L’inquisito, infatti, ha svelato il sistema, a cui sarebbe a capo secondo le indagini. Uno scambio tra licenze, false destinazioni urbanistiche e soldi. Tanto denaro sulle cui tracce erano da tempo i militari del Gico. Un flusso di soldi delle tangenti che la guardia di finanza non si riusciva a spiegare. Ed è sulla base delle sue verità, che sono fondati gli accessi all’ufficio del personale e della ragioneria generale. L’ufficio del personale è stato scandagliato palmo a palmo. Con l’acquisizione delle delibere di giunta, degli ordini di servizio, delle piante organiche. Oltre che per capire chi facesse cosa, tra il 2005 ed il 2009, quegli atti sono necessari per inchiodare altri dipendenti comunali, di cui però chi sta collaborando non avrebbe fatto nomi ma solo allusioni. Perché si potessero aprire ristoranti ed altre attività produttive, era necessario non solo cambiare - dietro compenso - la destinazione urbanistica. Ma sulla base della stessa era necessario che chi doveva rilasciare la licenza che nè consentiva l’apertura non battesse ciglio e firmasse. Una complicità quindi, probabilmente dietro la suddivisione della mazzette, che non poteva non essere all’interno dello sportello unico attività produttive. E se magari l’immobile in cui si apriva era abusivo, occorreva anche una licenza edilizia in sanatoria. E quindi un contatto diretto all’Ufficio Condono. I vari dirigenti del settore urbanistica che in quel periodo si sono avvicendati alla direzione erano ignari di tutto.

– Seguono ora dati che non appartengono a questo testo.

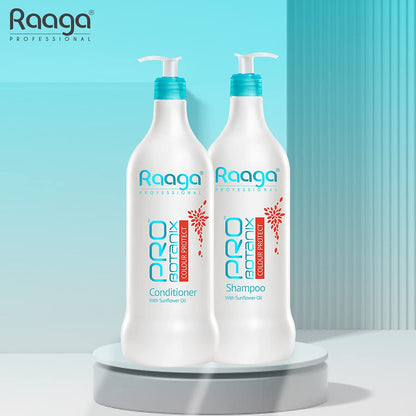 Raaga Professional Pro Botanix Color Protect Conditioner With Sunflower Oil, Blue, 1000 Ml - 1 Count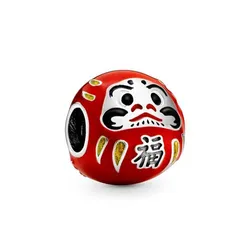 Hạt Vòng Charm Pandora Red Daruma Doll 798920C01 Màu Đỏ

Ma chi passava le carte da un ufficio all’altro no. E infatti gli accertamenti sul conto corrente sotto sequestro, aperto all’estero, avrebbero condotto a chi ha versato, soprattutto ristoratori, e chi ha prelevato da quel conto corrente. Un indagine fiscale complessa perché il conto sarebbe stato aperto in un paradiso fiscale, dove, tra l’altro è difficile acquisire dati e posizioni.